I straight away checked her eye (I check them daily so I know how it normally looks. Not that I would know what I'm looking for.. But I will be able to spot a change) I also held my palm over her non hit eye and she followed me still with the eye that got hit. 
It's slightly blood shot (This happens to us when we get hit in the eye too, so I assume that's normal) and I held some cold wet tissue over her eye (was closed at the time) and the bloodshot-ness reduced. 
I'll be keeping a close eye on her any way, but does this require a vet visit? She has an appointment on thursday for her microchip so either way I'll get them to do a check up then. 
She's still seeing fine, no hate for the ball that hit her in the eye.. her normal playful self.
She did blink (well, wink) her brown eye more for 30 mins after it hit, but she is now fine. 

It's still slightly blood shot, but she's having a nap now so maybe that will help? 
She shows no signs of pain when I slightly open her eyes to check them, so I'm guessing it was shock mostly. She has had lots of extra cuddles.

Is there something else I can do to make it easier? Or should I phone the vet and bring her in?


----------



## Burrowzig (Feb 18, 2009)

I'm a bit paranoid about eye injuries - there's just so much to lose - but with your description I wouldn't panic. It sounds like a normal reaction to something hitting the eye area. With a normal-sized ball, it shouln't have impacted directly on the eye itself rather than the impact being taken by the whole surrounding area.

One check I'd do; take pup into a darkened room and shine a torch into the eyes in turn. You should see the pupils contract equally. If they don't, call the vet.

I had a horrible incident with Kite when she was a puppy. I was using one of those ball chuckers and she jumped into it just as it was going at it's fastest.
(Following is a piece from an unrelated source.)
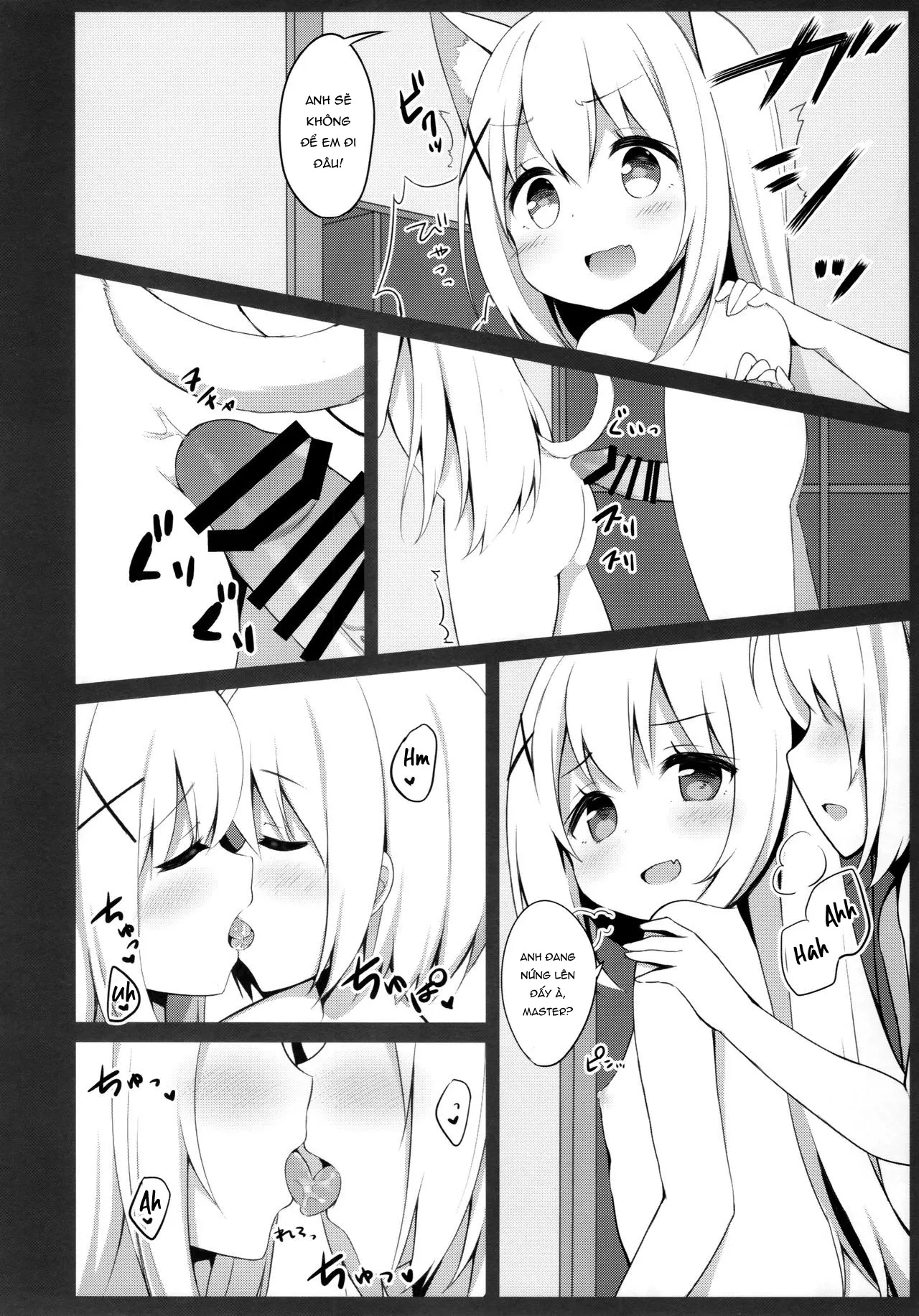 HentaiVN.net - Ảnh 11 - Kỳ nghỉ đông hư hỏng của chủ nhân và Koneko [Goshujin-sama to Koneko no Midareta Vacation; Master And Koneko's Confusing Summer Vacation; 男の娘とこねこの乱れた夏休み] - Chap 1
I couldn't see her eye for blood, and thought I'd blinded her. While I was trying to find something clean in my pocket, she wiped the blodd off with her paw and looked round for the ball. On examination, there was a small cut in her eyelid. Could have been so much worse.


----------



## Symone (Dec 3, 2012)

Burrowzig said:


> I'm a bit paranoid about eye injuries - there's just so much to lose - but with your description I wouldn't panic. It sounds like a normal reaction to something hitting the eye area. With a normal-sized ball, it shouln't have impacted directly on the eye itself rather than the impact being taken by the whole surrounding area.
> 
> One check I'd do; take pup into a darkened room and shine a torch into the eyes in turn. You should see the pupils contract equally. If they don't, call the vet.
> 
> I had a horrible incident with Kite when she was a puppy. I was using one of those ball chuckers and she jumped into it just as it was going at it's fastest. I couldn't see her eye for blood, and thought I'd blinded her. While I was trying to find something clean in my pocket, she wiped the blodd off with her paw and looked round for the ball. On examination, there was a small cut in her eyelid. Could have been so much worse.


I'll do that as soon as she is awake, then! She just moved her head on to my foot so I'm guessing she'll be down for at least 30 more min.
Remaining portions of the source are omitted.